THE PROBLEM => Repeat every entry word for word; omit all pictures.

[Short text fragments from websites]
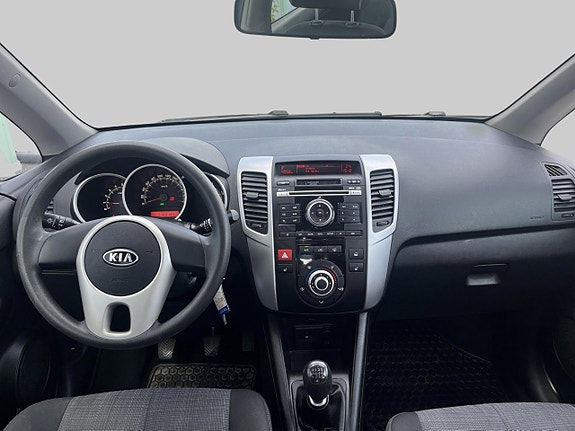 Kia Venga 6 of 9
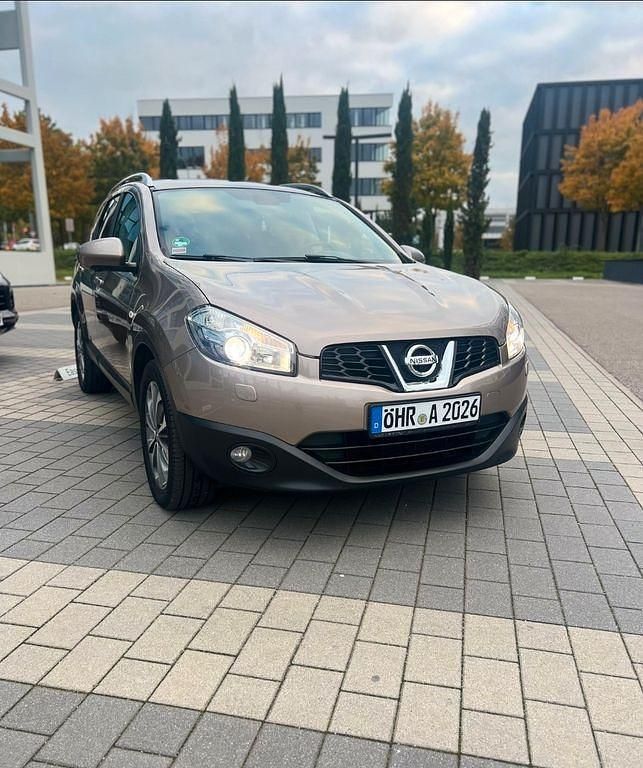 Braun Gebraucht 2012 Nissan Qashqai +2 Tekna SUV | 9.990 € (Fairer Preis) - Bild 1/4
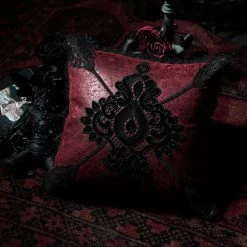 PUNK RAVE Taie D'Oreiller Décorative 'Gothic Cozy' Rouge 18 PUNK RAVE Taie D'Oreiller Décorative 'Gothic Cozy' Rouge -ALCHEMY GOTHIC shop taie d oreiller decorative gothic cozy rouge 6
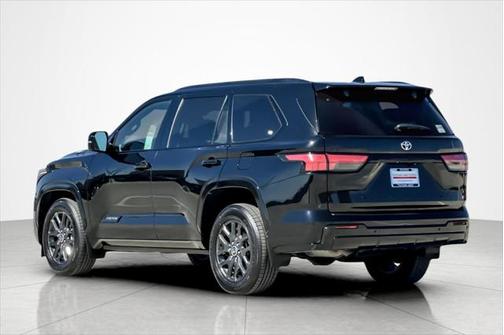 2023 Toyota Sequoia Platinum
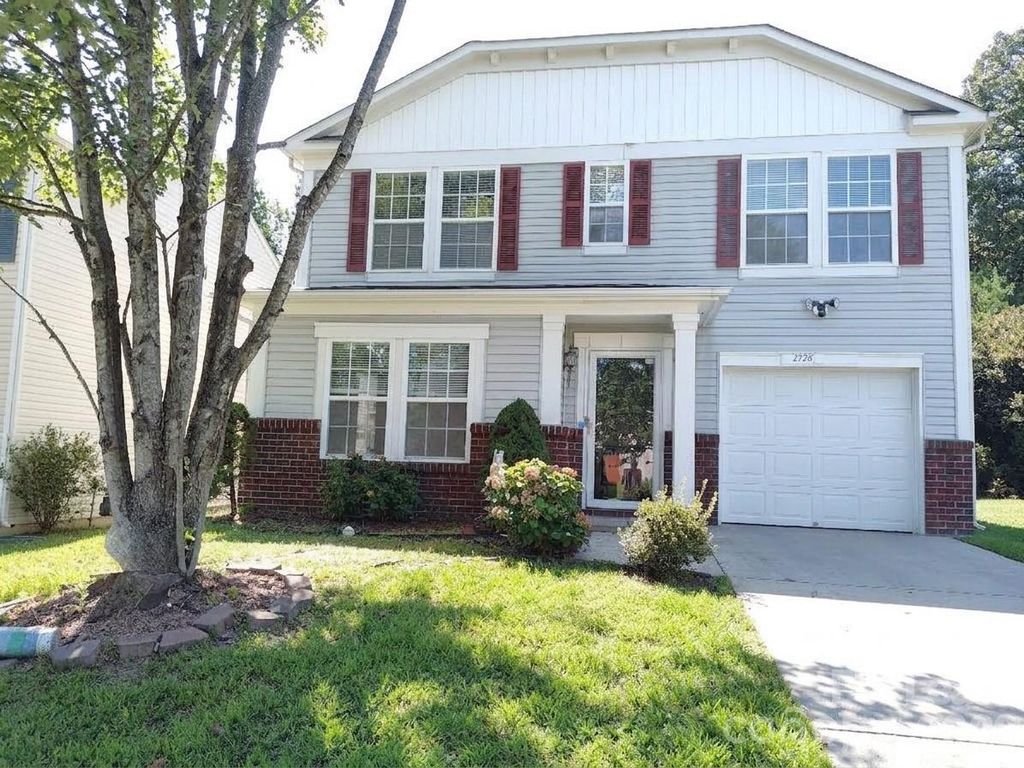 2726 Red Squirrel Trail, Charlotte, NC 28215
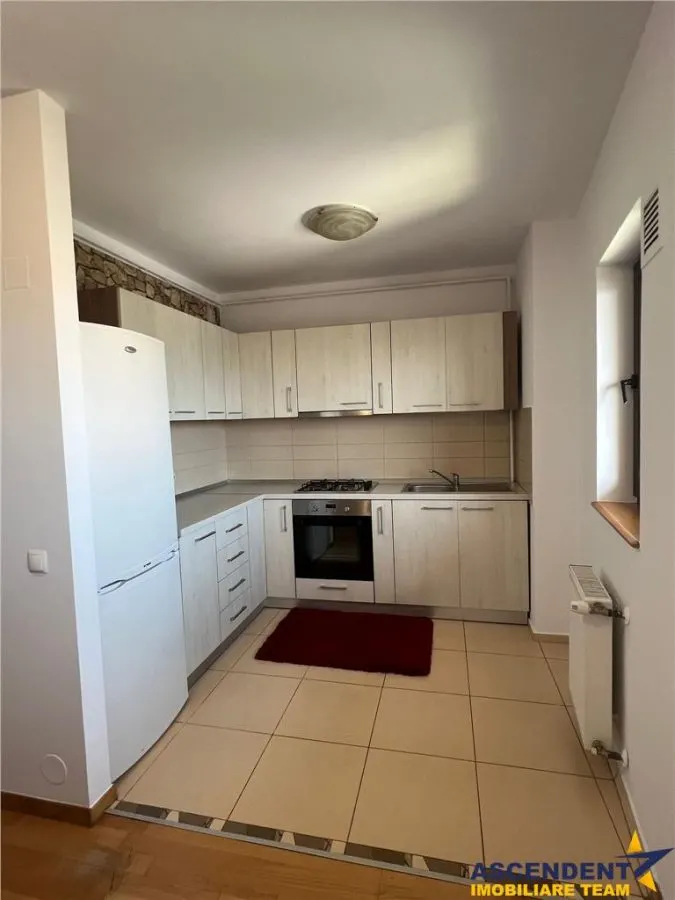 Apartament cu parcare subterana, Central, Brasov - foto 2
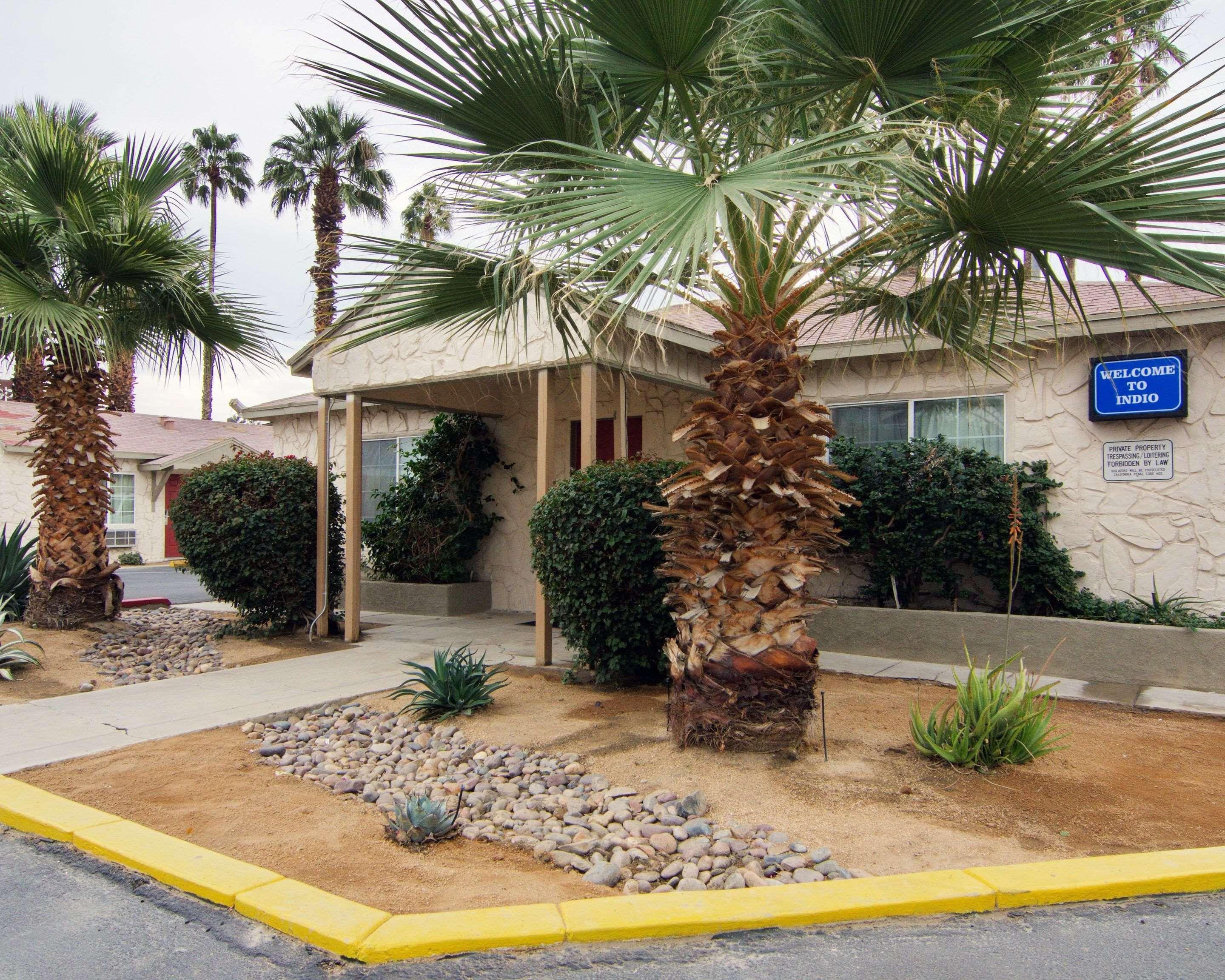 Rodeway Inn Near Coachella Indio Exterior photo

TASK SOLUTION =>
 Kia Venga 6 of 9
 Braun Gebraucht 2012 Nissan Qashqai +2 Tekna SUV | 9.990 € (Fairer Preis) - Bild 1/4
 PUNK RAVE Taie D'Oreiller Décorative 'Gothic Cozy' Rouge 18 PUNK RAVE Taie D'Oreiller Décorative 'Gothic Cozy' Rouge -ALCHEMY GOTHIC shop taie d oreiller decorative gothic cozy rouge 6
 2023 Toyota Sequoia Platinum
 2726 Red Squirrel Trail, Charlotte, NC 28215
 Apartament cu parcare subterana, Central, Brasov - foto 2
 Rodeway Inn Near Coachella Indio Exterior photo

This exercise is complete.